Ritengo ora utile dare una descrizione di come si possano, secondo me, organizzare una serie di lezioni che trattano un’intera unità didattica.
Obiettivi didattici
Gli obiettivi formativi delle diverse unità didattica sono descritti nella programmazione relativa. Si sottolinea ciò che da essa risulta evidente: lo studente deve assimilare conoscenze relative alle caratteristiche di organi meccanici e nel contempo sviluppare l’abilità nel loro utilizzo e nella loro rappresentazione. Cioè lo studio teorico è immediatamente, se non contemporaneamente, seguito da quello pratico. In questa materia, forse in maniera maggiore di altre, è possibile in maniera concreta usare la pratica per far meglio assimilare la teoria agli studenti. Del resto, ciò che si vuole raggiungere con la materia ‘disegno meccanico’ è lo sviluppo di abilità descrittive e progettuali nei discenti. Gli obiettivi di conoscenza sono stati differenziati per ogni tipologia di organi meccanici. Si è scelto a volte, per non appesantire la lettura della programmazione, di raggruppare sotto un’unica voce gli obiettivi di abilità riguardanti la rappresentazione e la designazione. Quindi il numero di obbiettivi di conoscenza è simile a quelli di abilità. Ad una descrizione teorica di un organo segue sempre lo sviluppo dell’abilità nel disegnarlo e nel designarlo secondo norma.
Sussidi didattici
Come sussidi didattici si possono usare i testi in adozione se considerati di buon livello. Eventualmente si possono integrare con dispense e presentazioni a cura del docente, come descriverò più avanti cominciando a usare i diversi sussudi multimediali. Importante è l’uso del manuale del perito industriale, in particolare per due motivi: è fornito delle tabelle UNI-EN-ISO che, rispetto al passato, non sono più presenti per problemi di copyright in molti testi didattici; si inizia a familiarizzare con un testo che si utilizzerà profiquamente nella vita professionale. Ritengo importantissimo per l’apprendimento l’utilizzo di veri organi normati da mostrare agli studenti. Similmente l’utilizzo di internet, come descriverò in seguito, può aiutare l’apprendimento.
Prerequisiti, ipotesi e tesi
Si può considerare l’unità didattica come fosse un teorema.Ad esempio la tesi che l’unità sui collegamenti amovibili si prefigge è la seguente: conoscere, saper scegliere e saper disegnare gli organi meccanici che permettono di costituire collegamenti amovibili che non utilizzano unicamente le unioni filettate.

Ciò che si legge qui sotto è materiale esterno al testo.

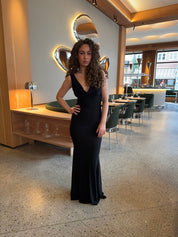 Evening dress black front view with hand on hip
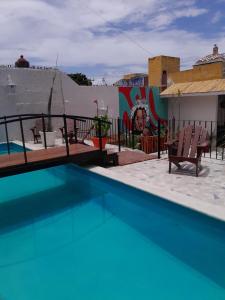 a swimming pool with two chairs next to a building at Xtabentun Hostal in Cancún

I prerequisiti necessari allo sviluppo dell’unità sono le conoscenze sviluppate nelle unità precedenti, con particolare riguardo alle unioni filettate, dove per la prima volta lo studente ha incontrato organi normati. Questa caratteristica, cioè l’utilizzo di particolari e di designazioni secondo norma costituiscono l’ipotesi da cui partire.
Traccia di lezione
Come gia detto, per coinvolgere in miglior modo gli studenti, è bene mostrare loro veri particolari normati. Ad esempio la visione di un’unione albero mozzo con linguetta permette di capire molto facilmente la morfologia degli stessi e anche il modo in cui interagiscono scambiandosi forze. Dal particolare reale è più semplice passare alla sua rappresentazione nel disegno. Particolare enfasi va posta su come si scambiano le forze i pezzi accoppiati e di conseguenza sui vincoli introdotti da questi collegamenti. Così si sviluppa la capacità di scegliere l’accoppiamento adatto alle diverse esigenze richieste da una particolare applicazione. Inoltre, sapere come ‘lavorano’ i pezzi, permette di evitare grossolani errori nella loro rappresentazione. Se, ad esempio, vogliamo attuare un accoppiamento conico, che lavori per attrito, ci preoccuperemo di evitare qualsiasi deleterio spallamento che, ostacolando il movimento assiale relativo fra mozzo e albero, impedisca che l’attrito si attui quando si mette in tensione l’unione filettata. Contemporaneamente ci si focalizza sull’uso ragionato del tipo di quotatura e delle tolleranze applicate. In questo modo il nuovo argomento affrontato in questa unità didattica permette di ripassare e meglio capire gli argomenti delle precedenti.
Gli strumenti multimediali che via via vi descriverò (testi, immagini, filmati, rete web) aiutano a raggiungere gli obbiettivi didattici perché incrementano le possibilità e varietà d’informazione verso lo studente e perché, affiancandosi a esperienze reali (il vero pezzo meccanico), aggiungono esperienze di realtà virtuale (la simulazione).